Steve Jorgensen wrote:
What if, instead, there was an OrderedBag class that acts like a list and supports set operations. The advantage of this is that any hidden indexing that is used to optimize the operations could be efficiently created in the object that results from the set operation during its construction while performing the operation. Using lists, any such indexes would have to be produced and discarded for each operation (or could perhaps be kept in weak references or something like that, but that's messy). It seems like it would depend on the memory layout. If the items weren't stored in order then it would most likely suffer from cache misses the same way set operations do. I'm not sure if it would be slower than set operations in that case. Most likely there would be a curve in run time where sets were faster for some small number of items and slower for large collections similar to the list implementation. If you added binary searches it might be faster in the majority of cases but that's a lot of variables.
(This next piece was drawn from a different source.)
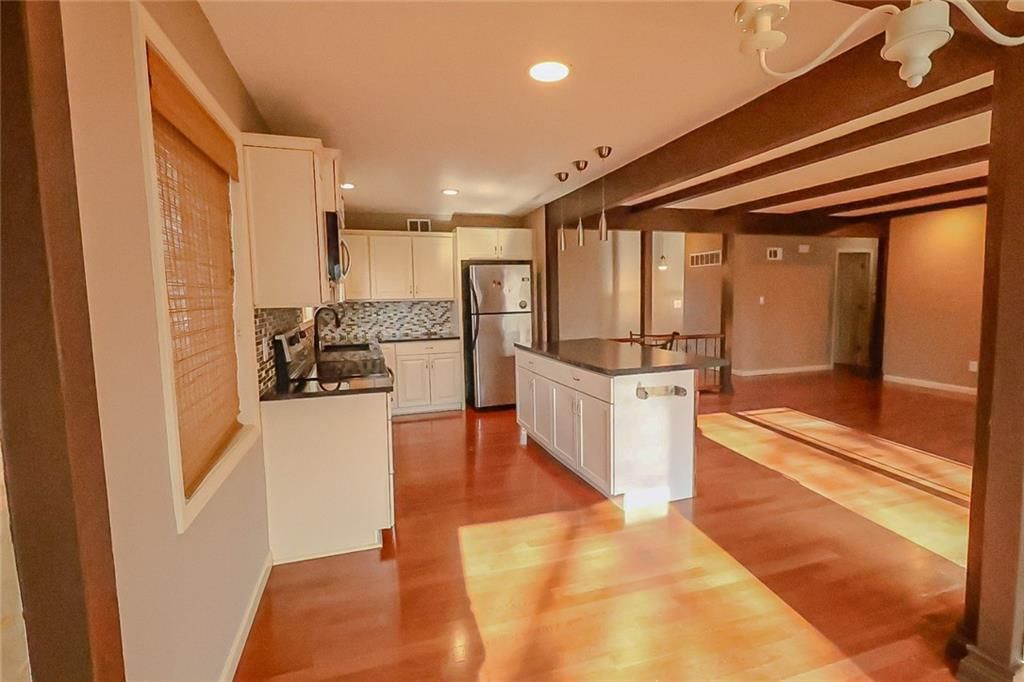 2912 NW Bedford Court — photo 13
The big question then becomes what criteria does it need to meet and is that quantified? It doesn't seem like that quantification is a consideration of this list. Unless you have a particular itch to scratch that is a lot of work. Adding enough general testing scenarios to satisfy a consensus is probably much much more.
Lets look at the test results from earlier for 50 million and 10 million item lists. For A not in B: trying A 1000000, B 5000000 best relcomp_set test time (msec): 82.131 best relcomp_set with set init test time (msec): 880.753 best relcomp_set with set init intersect test time (msec): 886.761 best list_relcomp test time (msec): 7.902 best sort test time (msec): 5.826 For A not in B: trying A 5000000, B 10000000 best relcomp_set test time (msec): 557.368 best relcomp_set with set init test time (msec): 3228.475 best relcomp_set with set init intersect test time (msec): 3725.047 best list_relcomp test time (msec): 25.626 best sort test time (msec): 13.632 Changing the order of set operations based on which set is largest is almost 10x the speed improvement. Should set operations be changed? It's probably faster no matter the order to convert them into lists and use my algorithm after about 10 million. In the end though we are still talking about a few seconds at most. If it worth it to you for that improvement that's one thing, but you should consider what you really need. Without clear performance/use case criteria I think you'll never leave the bike-shed here.